→ **Exercise**
Word for word, restate the entries below and exclude every image.

→ **Data shown**
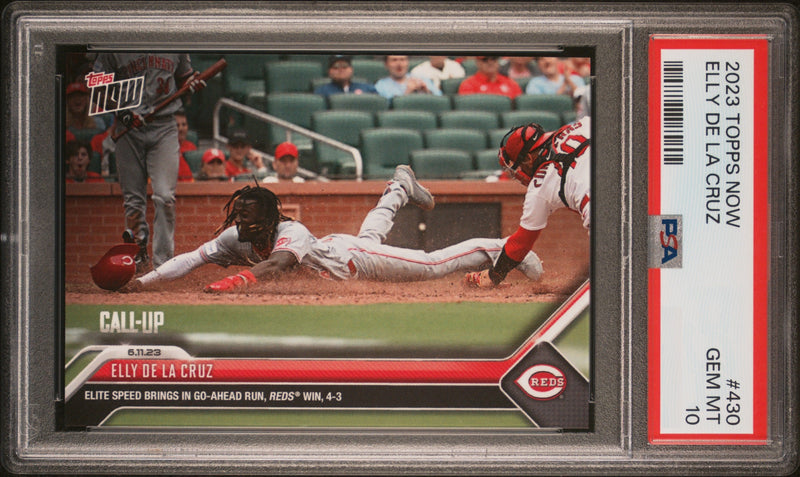 PSA 10 Elly De La Cruz 2023 Topps Now #430 Go Ahead Run Rookie Card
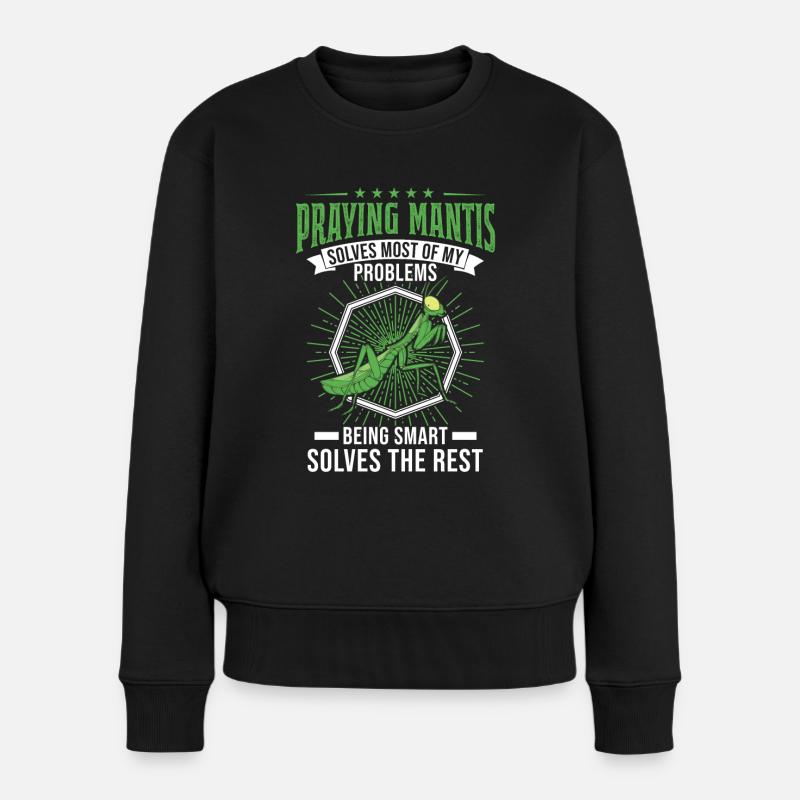 Gottesanbeterin Praying Mantis Fangschrecke - Frauen Premium Bio Pullover - Schwarz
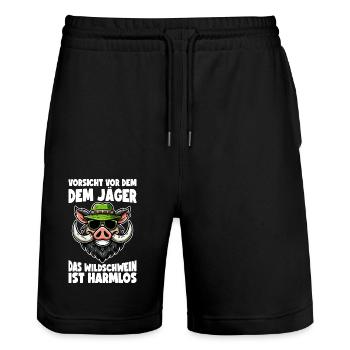 Jäger Jagd Jagdschein Jägerin Jagdbekleidung - Stanley/Stella Unisex Bio Joggingshorts Trainer  - Schwarz - Vorne - Nik (191cm) & Marisol (170cm)
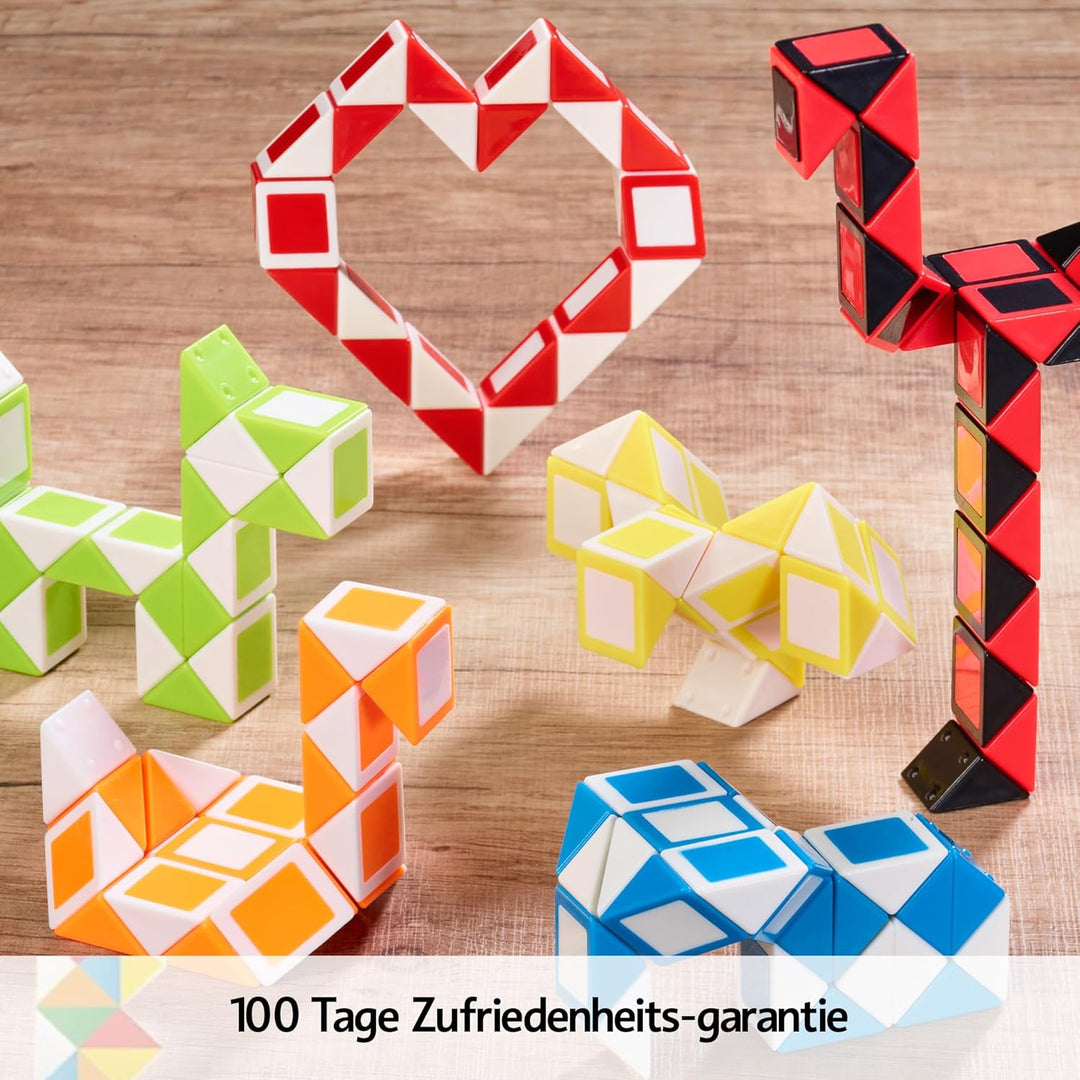 CUBIDI® Original Mini Magic Snakes 6er Set - mit 24 Blöcken pro Snake | Knobelspiele für Kinder ab 6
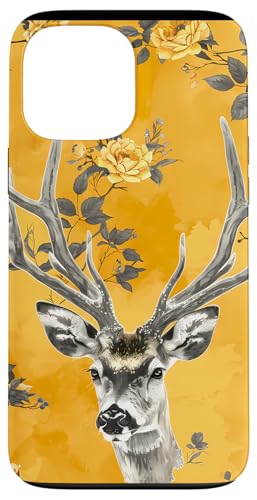 Hülle für iPhone 13 Pro Max Gelb Aquarell Floral Hirsch Jagd Camo Camouflage Design von Modern Aesthetic Design Studio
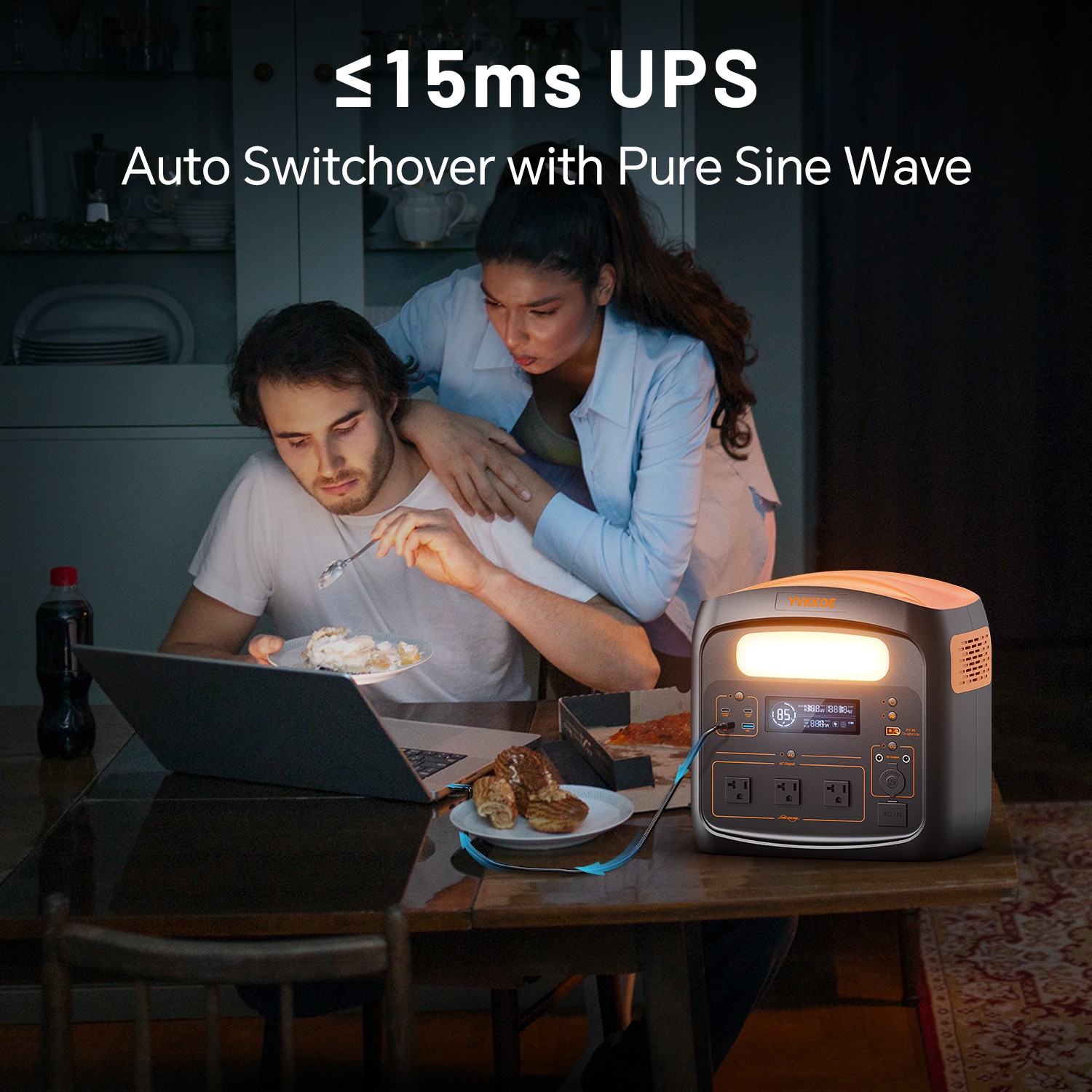 YVKKOE 1800W 1024Wh Solar Portable Power Station LFP for Outdoors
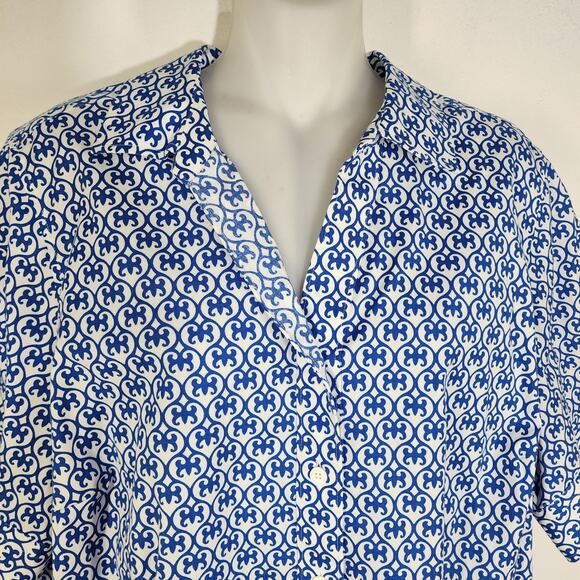 Talbots Womens Shirt Non Iron 16WP Blue Medallion Geometric Short Sleeve Button - Picture 3 of 9
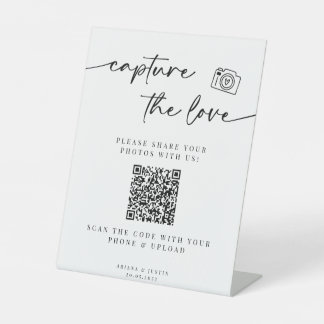 Leg het Love Wedding-teken vast met QR-code Reclamebord Met Voetstuk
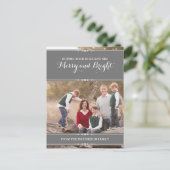 グレーシンプルシックなホリデーフォトポストカード シーズンポストカード (スタンド正面)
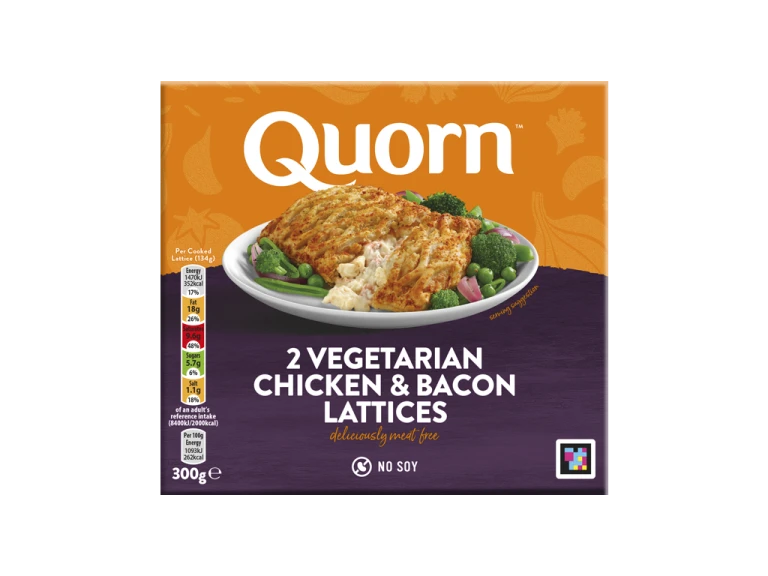 Quorn Vegetarian Chicken & Bacon Lattices packaging with nutritional information.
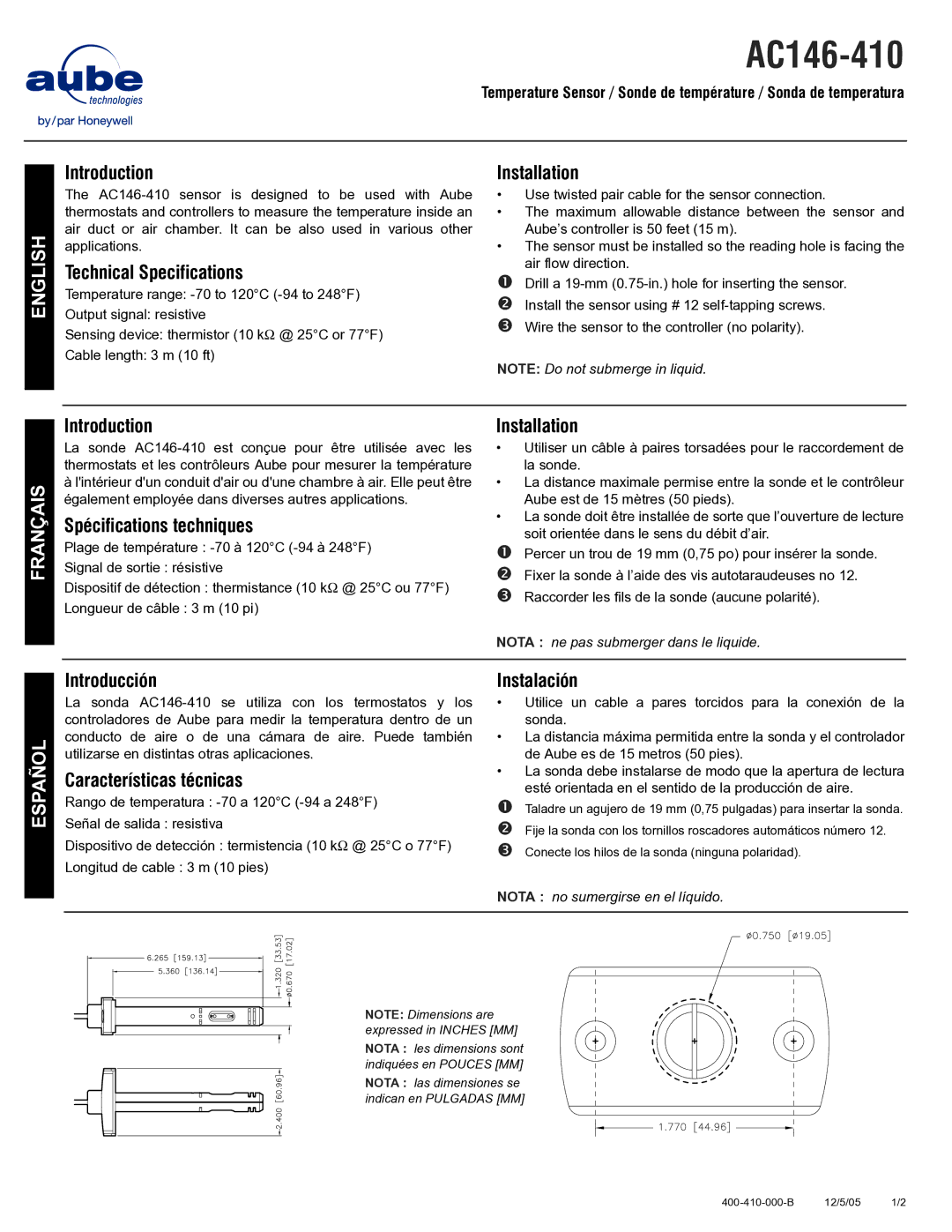 Aube Technologies AC146-410 technical specifications English, Français, Español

→ **Task output**
 PSA 10 Elly De La Cruz 2023 Topps Now #430 Go Ahead Run Rookie Card
 Gottesanbeterin Praying Mantis Fangschrecke - Frauen Premium Bio Pullover - Schwarz
 Jäger Jagd Jagdschein Jägerin Jagdbekleidung - Stanley/Stella Unisex Bio Joggingshorts Trainer  - Schwarz - Vorne - Nik (191cm) & Marisol (170cm)
 CUBIDI® Original Mini Magic Snakes 6er Set - mit 24 Blöcken pro Snake | Knobelspiele für Kinder ab 6
 Hülle für iPhone 13 Pro Max Gelb Aquarell Floral Hirsch Jagd Camo Camouflage Design von Modern Aesthetic Design Studio
 YVKKOE 1800W 1024Wh Solar Portable Power Station LFP for Outdoors
 Talbots Womens Shirt Non Iron 16WP Blue Medallion Geometric Short Sleeve Button - Picture 3 of 9
 Leg het Love Wedding-teken vast met QR-code Reclamebord Met Voetstuk
 グレーシンプルシックなホリデーフォトポストカード シーズンポストカード (スタンド正面)
 Quorn Vegetarian Chicken & Bacon Lattices packaging with nutritional information.
 Aube Technologies AC146-410 technical specifications English, Français, Español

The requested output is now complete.